Ela estremeceu. Que gostosa que era! Ele puxou o prepúcio pra trás, e passou a glande vermelha e molhada pela calcinha fio dental de novo, dessa vez foi gostoso. Se afastou, e viu que deixou um pouco de líquido pré-seminal na calcinha.
Florencia sentiu na hora que alguma coisa tava roçando a calcinha dela, sentiu o contato na bunda, no meio das nádegas…
— O que você tá fazendo? — Perguntou Florcha, virando a cabeça pra trás.
Ela viu o irmão sem short, com uma mão na pica, descoberta, dura e empinada.
— Ia me comer de verdade mesmo!!!
— Não, idiota… só rocei um pouquinho na sua calcinha…
— Não acha que já é demais??? Tá passando dos limites!!
— Não tem nada, burra… não vou te comer!
Florencia suspirou, e voltou a se concentrar no exercício de matemática. Pegou o lápis de novo, e pensava arduamente em como resolver, tava decidida a terminar, a prova era importantíssima amanhã, tava jogando a vaga na faculdade.
O irmão dela se aproximou de novo, segurando a pica, e enfiou a ponta no meio da bunda, entre as nádegas, por cima da calcinha fio dental. Florencia sentiu estranho, mas deixou. Naquela hora, começou a ficar excitada.
O garoto tirou a pica, e enfiou de novo ali, agora mais fundo, enterrando um pouco nas bandas da bunda, sujando toda a calcinha fio dental com a pica babada e quente.
Florcha continuava escrevendo na folha, pensando nas duas coisas: no exercício, e na pica do irmão bem dura e quente na bunda dela.

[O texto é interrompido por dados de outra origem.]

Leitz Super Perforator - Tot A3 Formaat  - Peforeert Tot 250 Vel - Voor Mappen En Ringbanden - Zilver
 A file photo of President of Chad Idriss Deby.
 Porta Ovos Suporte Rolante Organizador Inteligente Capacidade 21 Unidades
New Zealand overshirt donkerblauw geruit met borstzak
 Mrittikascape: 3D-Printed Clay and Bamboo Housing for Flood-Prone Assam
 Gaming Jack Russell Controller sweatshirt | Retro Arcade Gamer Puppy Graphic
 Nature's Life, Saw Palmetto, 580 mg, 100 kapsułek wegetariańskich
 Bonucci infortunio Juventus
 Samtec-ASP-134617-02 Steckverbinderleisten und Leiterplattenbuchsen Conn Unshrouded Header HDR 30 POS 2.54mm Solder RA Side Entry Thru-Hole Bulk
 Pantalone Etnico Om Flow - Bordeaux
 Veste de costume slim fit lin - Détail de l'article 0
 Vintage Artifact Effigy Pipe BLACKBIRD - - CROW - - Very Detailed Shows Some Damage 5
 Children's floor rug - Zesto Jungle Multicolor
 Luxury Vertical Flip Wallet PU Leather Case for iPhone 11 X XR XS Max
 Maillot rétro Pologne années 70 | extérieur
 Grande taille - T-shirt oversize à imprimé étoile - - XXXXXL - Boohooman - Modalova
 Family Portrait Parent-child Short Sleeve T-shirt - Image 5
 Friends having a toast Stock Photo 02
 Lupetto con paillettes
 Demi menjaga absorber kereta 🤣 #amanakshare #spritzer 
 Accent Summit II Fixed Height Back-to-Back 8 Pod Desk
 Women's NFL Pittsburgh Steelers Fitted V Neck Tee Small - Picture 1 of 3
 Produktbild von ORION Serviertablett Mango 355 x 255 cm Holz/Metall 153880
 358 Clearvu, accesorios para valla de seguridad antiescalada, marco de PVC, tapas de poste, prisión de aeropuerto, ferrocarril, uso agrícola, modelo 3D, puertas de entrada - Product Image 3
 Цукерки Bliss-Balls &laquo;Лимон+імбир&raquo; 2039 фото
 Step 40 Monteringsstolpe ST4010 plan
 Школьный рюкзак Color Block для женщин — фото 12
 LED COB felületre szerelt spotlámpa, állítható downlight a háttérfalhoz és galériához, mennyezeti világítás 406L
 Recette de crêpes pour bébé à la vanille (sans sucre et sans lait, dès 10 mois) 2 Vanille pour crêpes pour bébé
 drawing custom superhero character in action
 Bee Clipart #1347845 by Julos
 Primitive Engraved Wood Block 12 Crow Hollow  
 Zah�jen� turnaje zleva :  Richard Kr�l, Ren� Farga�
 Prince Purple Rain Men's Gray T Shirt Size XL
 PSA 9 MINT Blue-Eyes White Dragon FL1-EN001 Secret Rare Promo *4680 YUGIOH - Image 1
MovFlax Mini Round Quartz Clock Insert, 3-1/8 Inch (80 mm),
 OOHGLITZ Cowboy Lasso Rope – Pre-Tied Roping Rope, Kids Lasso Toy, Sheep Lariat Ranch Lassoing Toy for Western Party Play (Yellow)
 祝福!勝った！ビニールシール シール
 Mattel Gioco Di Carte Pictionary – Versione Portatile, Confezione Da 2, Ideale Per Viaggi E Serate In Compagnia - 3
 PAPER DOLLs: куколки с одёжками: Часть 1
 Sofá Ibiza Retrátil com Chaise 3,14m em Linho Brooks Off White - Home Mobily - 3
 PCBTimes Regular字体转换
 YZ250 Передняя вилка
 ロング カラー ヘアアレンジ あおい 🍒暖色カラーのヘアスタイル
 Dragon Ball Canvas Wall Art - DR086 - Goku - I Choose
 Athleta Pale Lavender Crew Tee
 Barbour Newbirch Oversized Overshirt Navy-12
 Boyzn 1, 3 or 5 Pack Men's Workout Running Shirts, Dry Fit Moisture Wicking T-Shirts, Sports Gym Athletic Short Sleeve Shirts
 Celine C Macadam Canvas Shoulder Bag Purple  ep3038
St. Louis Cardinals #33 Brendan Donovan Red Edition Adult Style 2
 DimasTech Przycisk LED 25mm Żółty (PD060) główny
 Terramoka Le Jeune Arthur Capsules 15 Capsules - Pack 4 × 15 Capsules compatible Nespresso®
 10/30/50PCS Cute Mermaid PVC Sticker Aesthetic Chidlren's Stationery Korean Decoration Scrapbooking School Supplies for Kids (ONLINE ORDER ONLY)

A buceta foi ficando molhada, umedecendo a calcinha fio dental.
O garoto agora passava a pica por toda a calcinha fio dental, enchendo ela com aquele líquido viscoso que saía da cabecinha inchada. Com Os dedos dele, desde a base do pau, batiam uma punheta na racha da Booty dela. Passava direto na pele, esfregando a cabecinha molhada nas bandas da bunda.
O Martín tava naquele pico de excitação, morrendo de vontade de puxar a fio dental dela pra baixo e meter com tudo na pussy, até o fundo, e desvirgar ela. Bom, e ele também ia se desvirgar. Mas se segurava como podia… fazer aquilo podia trazer tanta merda que até dava medo.
A Agustina, da cama dela, olhava hipnotizada. Já tinha metido a mãozinha direto na pussy, tava se tocando no clitóris vendo o irmão passar a cock na Booty da irmã dela!!! Tava excitadíssima, batendo uma ali mesmo.
A Florencia continuava escrevendo, enquanto já tinha a buceta cheia de lubrificação, molhando a fio dental. O irmãozinho ia perceber.
O Martín tocou a Booty dela com a mão e enfiou uns dedos por baixo da fio dental, entre as nádegas, pegando a calcinha cheia do líquido pré-seminal dele. Tava pronto pra puxar a fio dental e ver o buraco do cu e a pussy dela.
A Florencia já sentia que o irmãozinho ia estuprar ela. Assim que sentiu ele pegar na fio dental, largou o lápis e virou a cabeça pra trás pra encarar ele.
— HEY, CHEGA!!! Tá se aproveitando de mim!!!